Roboflow Screenshot: Auto-Orient Enabled, Discard EXIF rotations and standardize pixel ordering.
The recommended Roboflow setting is "Auto-Orient: Enabled"

When should you auto-orient your images?

The short answer: almost always.

When an image is captured, it contains metadata that dictates the orientation by which it should be displayed relative to how the pixels are arranged on disk. This directive (stored in the EXIF orientation field) speeds up encoding the image at capture-time so cameras can efficiently sample data from their sensors without unwanted artifacts.

This means that most cameras store images' pixels exactly the same whether the camera is oriented in landscape or portrait mode. They just flip a bit to signal to the viewer whether to display the pixels as-is or to rotate them by 90 or 180 degrees when displaying the image.

Unfortunately, this can cause issues if the application displaying the images is unaware of the metadata and naively displays the image without respecting its EXIF orientation.

Two dice with bounding boxes misaligned and properly aligned based on image orientation.
Left: EXIF Orientation mismatch between annotation and image, Right: Correct Exif Orientation

This is an easy thing to mess up (especially when programming our own image pipelines). And, in fact, is one of the most common bugs encountered in computer vision projects. If some of your images are stored on disk as x,y and some are y,x, you're going to be feeding your model bad info without even knowing it.

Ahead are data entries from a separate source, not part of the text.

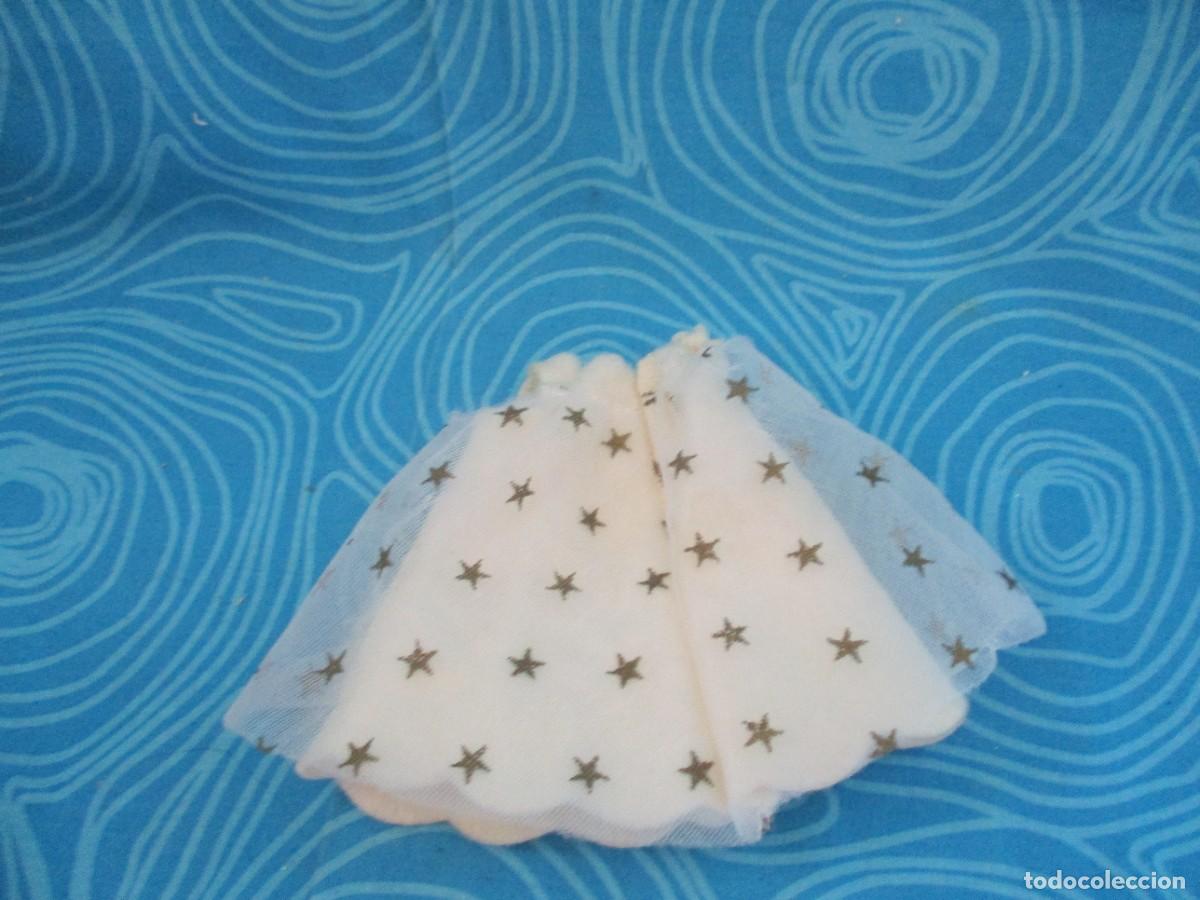 Mu&ntilde;ecas Lesly y Barriguitas: VESTIDO BARRIGUITAS ORIGINAL - Foto 5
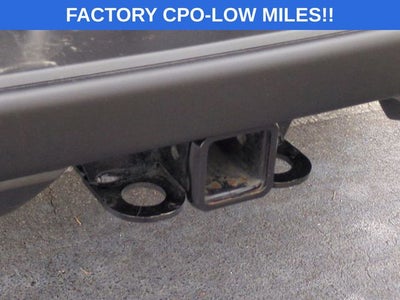 2024 RAM 2500 Power Wagon Rebel Crew Cab 4x4 6'4' Box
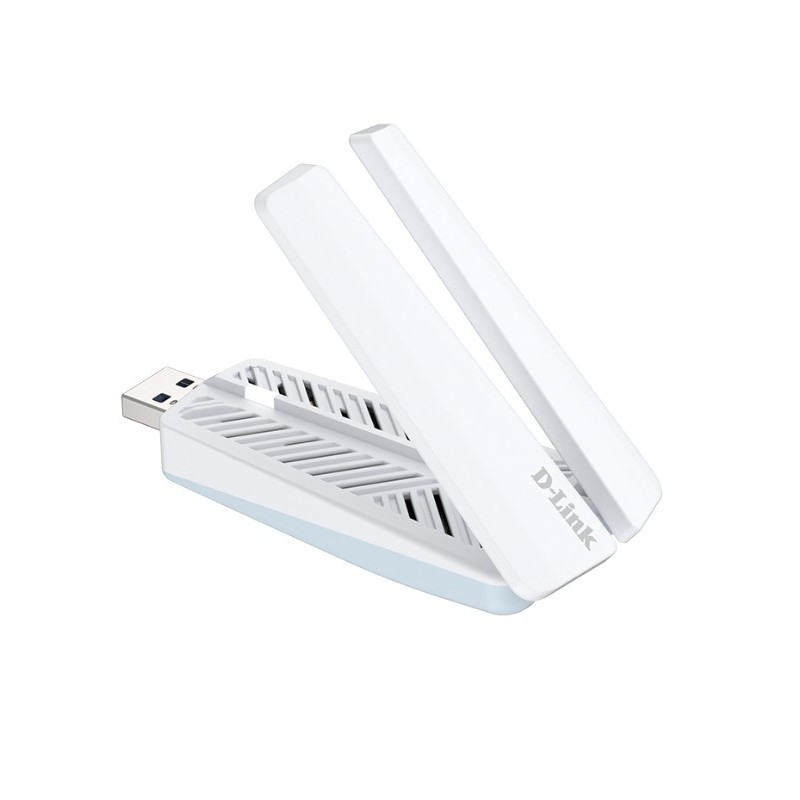 Adapter AE65U BE6500 Wi-Fi 7 USB | PartsPC.pl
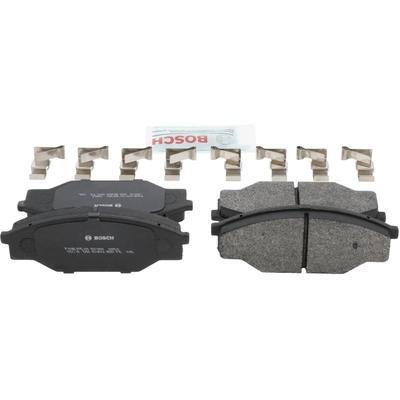 BOSCH - BP303 - Disc Brake Pad pa2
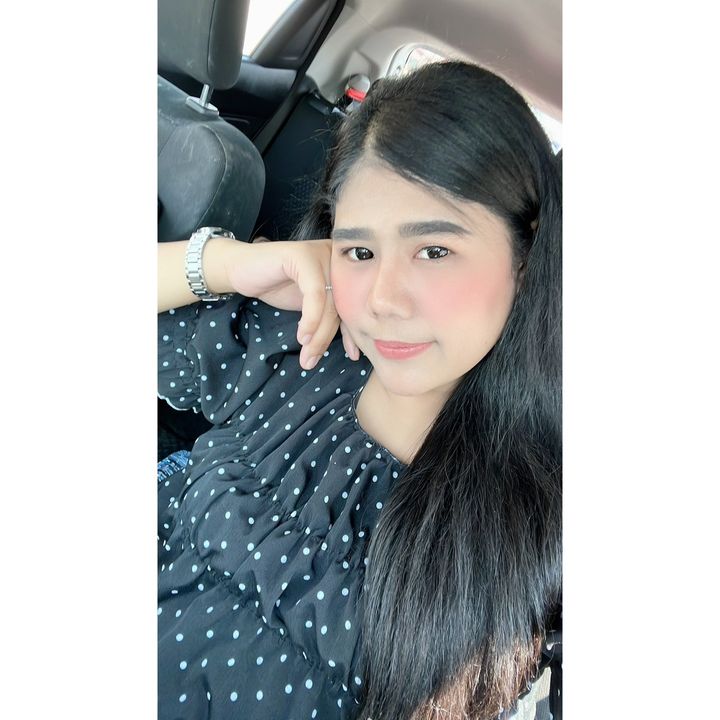 ยัยยุ้ย สาวอวบ (90kg.)🧸🧁🥨🍬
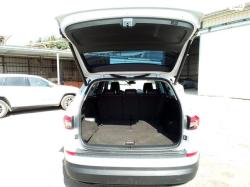 סקודה קודיאק 4X4 Style אוט' דיזל 7 מק' 2.0 (190 כ''ס) דיזל 2019 למכיר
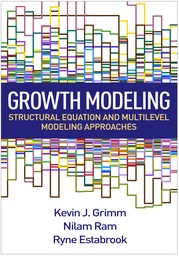 [9781462526062] Growth Modeling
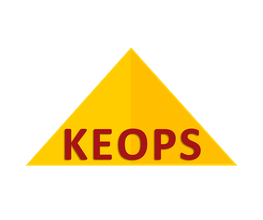 Keops image 2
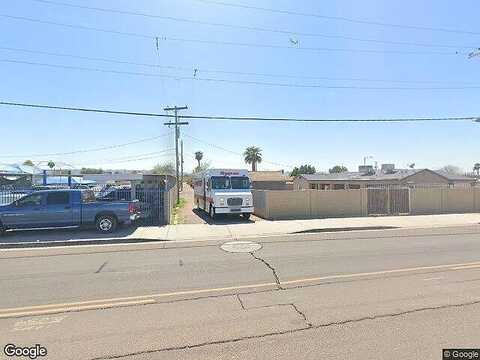 Mohave, PHOENIX, AZ 85004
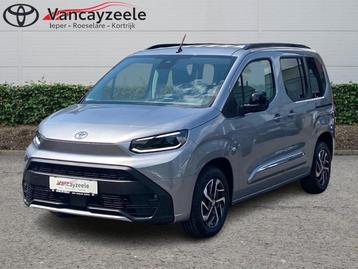 Toyota ProAce City Verso Family 5pl+CAM+NAV+SENS ACHTER  disponible aux enchères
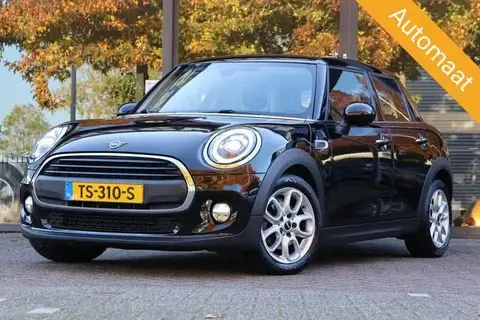 Used MINI ONE Petrol 2018 Ad 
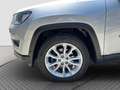 Jeep Compass 1.6 mjt Limited 120cv 2021 Silber - thumbnail 9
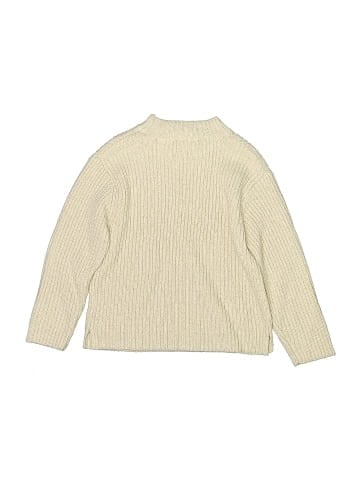 Zara Turtleneck Sweater (view 2)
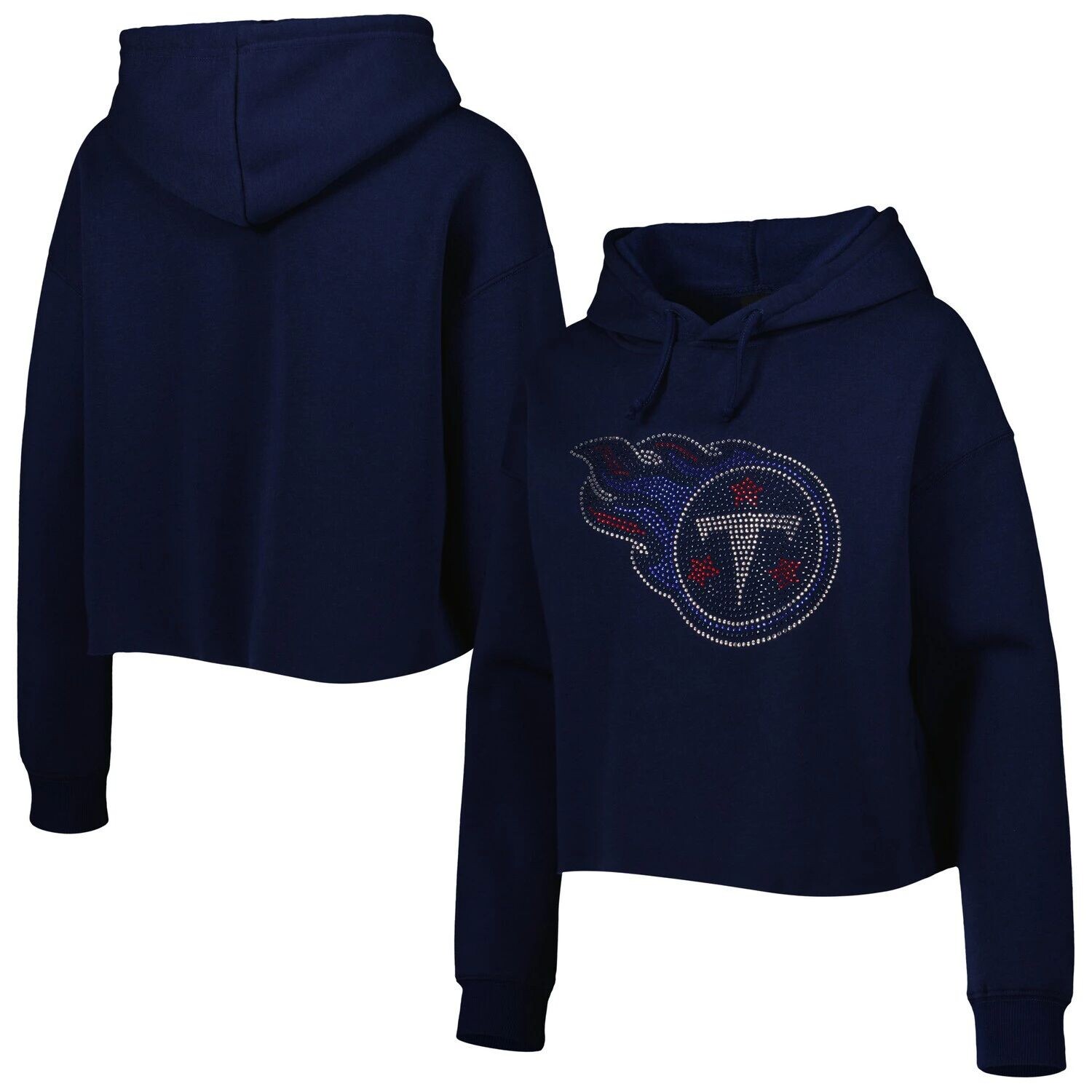 Женский укороченный пуловер с капюшоном и темно-синим логотипом Tennessee Titans Cuce, Синий, Женский укороченный пуловер с капюшоном и темно-синим логотипом Tennessee Titans Cuce
Женский укороченный пуловер с капюшоном и темно-синим логотипом Tennessee Titans Cuce, Синий, Женский укороченный пуловер с капюшоном и темно-синим логотипом Tennessee Titans Cuce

Fortunately, Roboflow fixes this problem for you by default. All you have to do is enable "Auto-Orient" in your pre-processing settings.

When not to auto-orient

So why do we even give you the option to turn this off? Well, in very specific circumstances, you may want to use this as a speed optimization.

One example would be if you're creating a mobile app that runs on a specific device where you know that all of your images will have the same EXIF orientation. To avoid having to rotate the pixel values at runtime, you may want to leave them in the same coordinate system. So long as you train your model with the same type of inputs (and your labeling tool properly deals with this), you shouldn't have any problems.